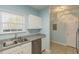 Modern kitchen with granite countertops, stainless steel dishwasher, and ample cabinet space at 5801 Oyster Catcher Dr. # 1614, North Myrtle Beach, SC 29582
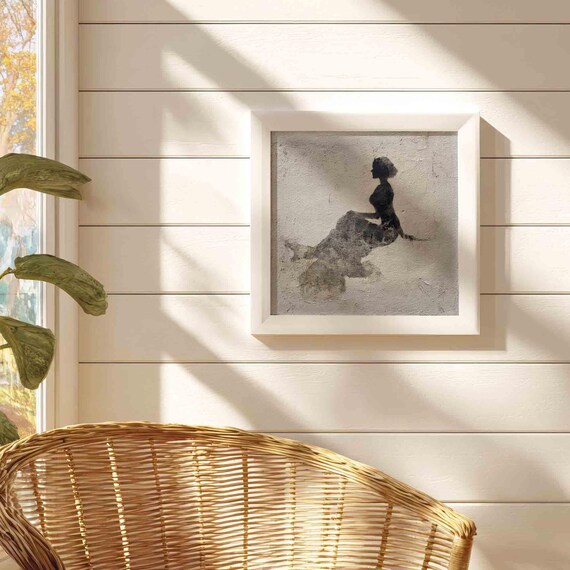 Seated Figure Silhouette On Neutral Plaster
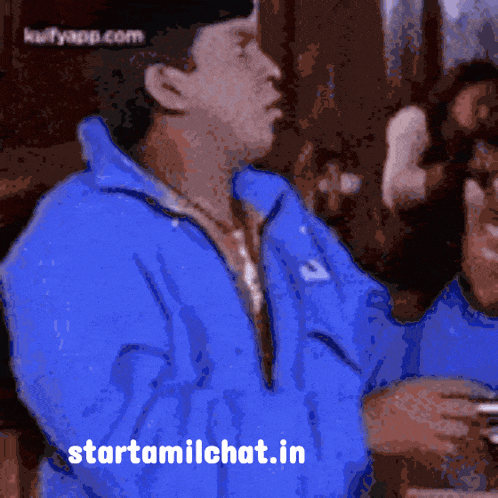 a man wearing a blue jacket with the website starttamilchat.in on the bottom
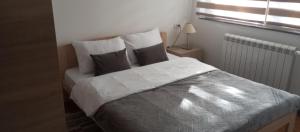 a bed with white sheets and pillows in a bedroom at Ruža vetrova A3 dupleks in Nova Varoš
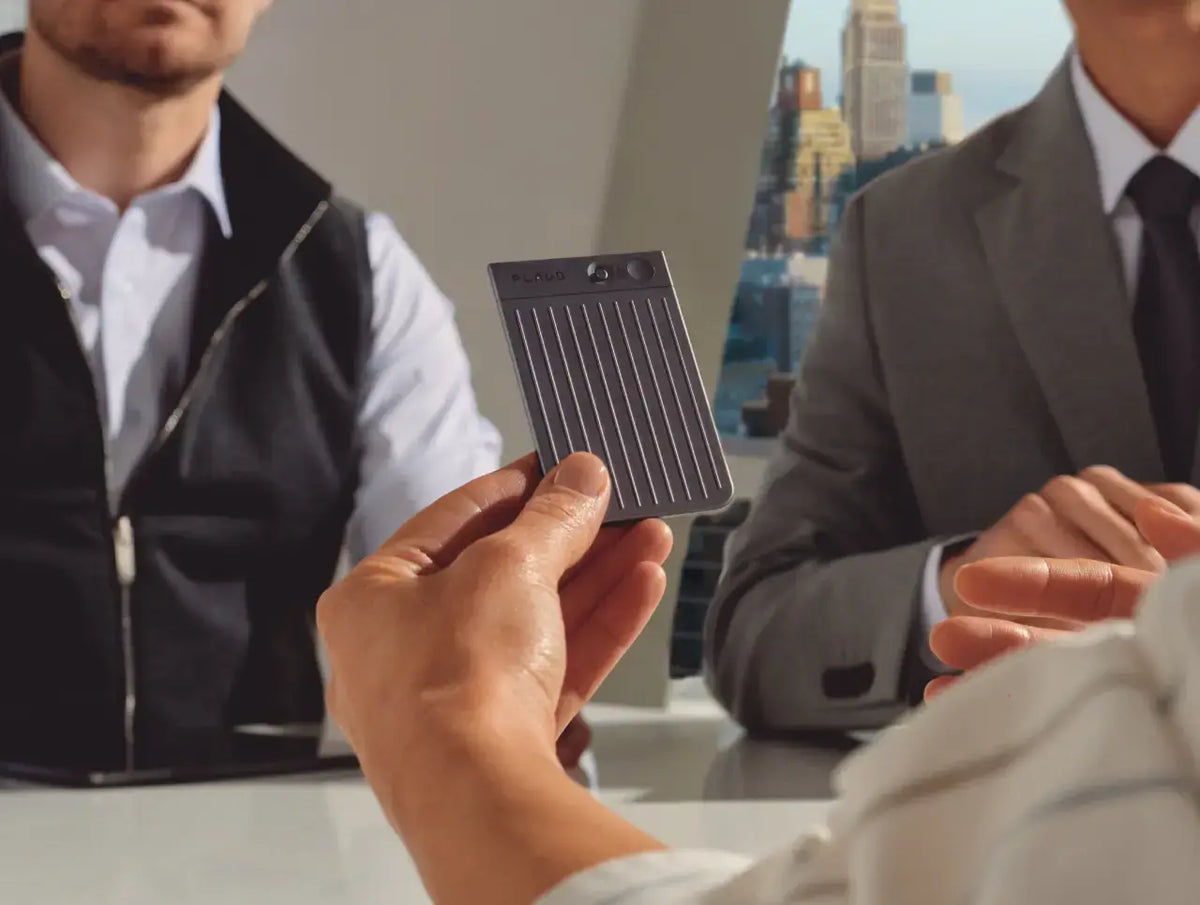 A person holds a grey Plaud Note AI voice recorder during a professional meeting in an office.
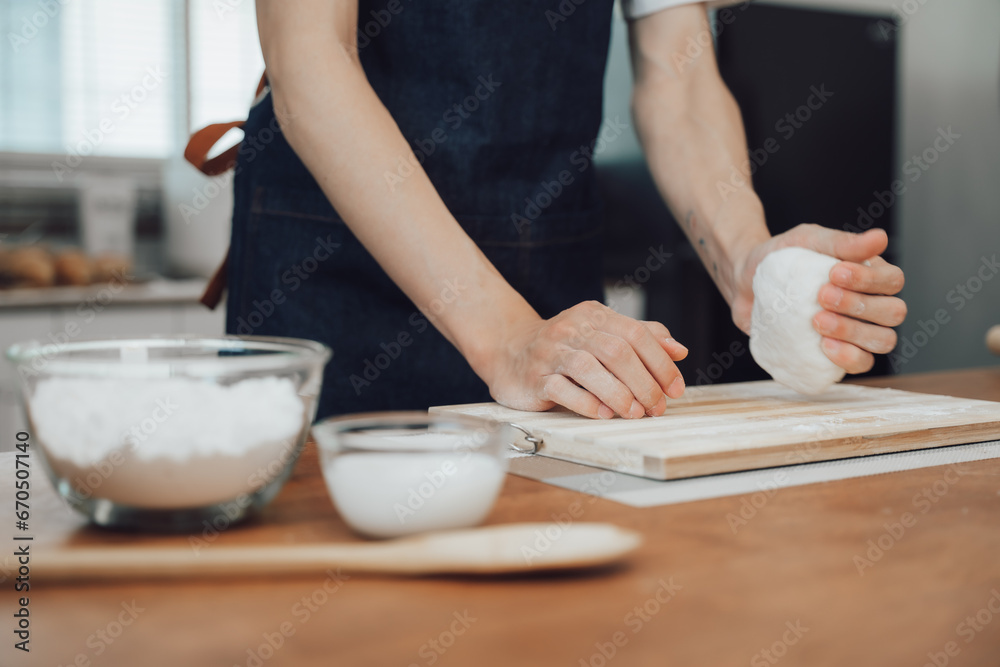 Cropped image of man wearing aprons preparing homemade pastry, kneading dough with a rolling pin on wooden table in kitchen Cropped image of man wearing aprons preparing homemade pastry, kneading dough with a rolling pin on wooden table in kitchen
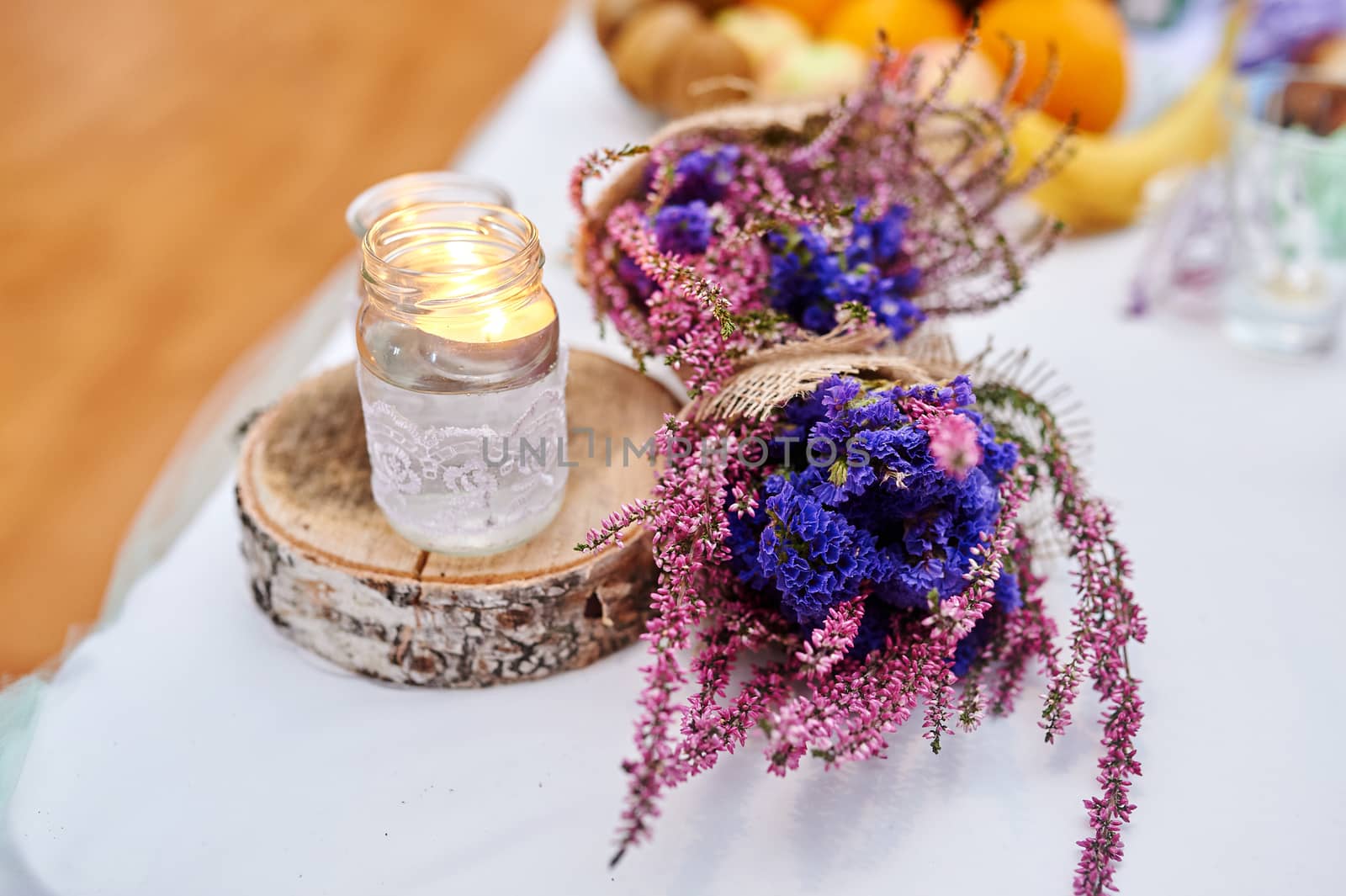 beautiful wedding decor on table with candle and bouquet in rustic style.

--- --- ---

*EXERCISE GOAL*: Please give back an exact copy of the entries above from their first line through the line containing "a man wearing", leaving the pictures aside.

*WRITTEN SOLUTION*:
 Modern kitchen with granite countertops, stainless steel dishwasher, and ample cabinet space at 5801 Oyster Catcher Dr. # 1614, North Myrtle Beach, SC 29582
 Seated Figure Silhouette On Neutral Plaster
 a man wearing a blue jacket with the website starttamilchat.in on the bottom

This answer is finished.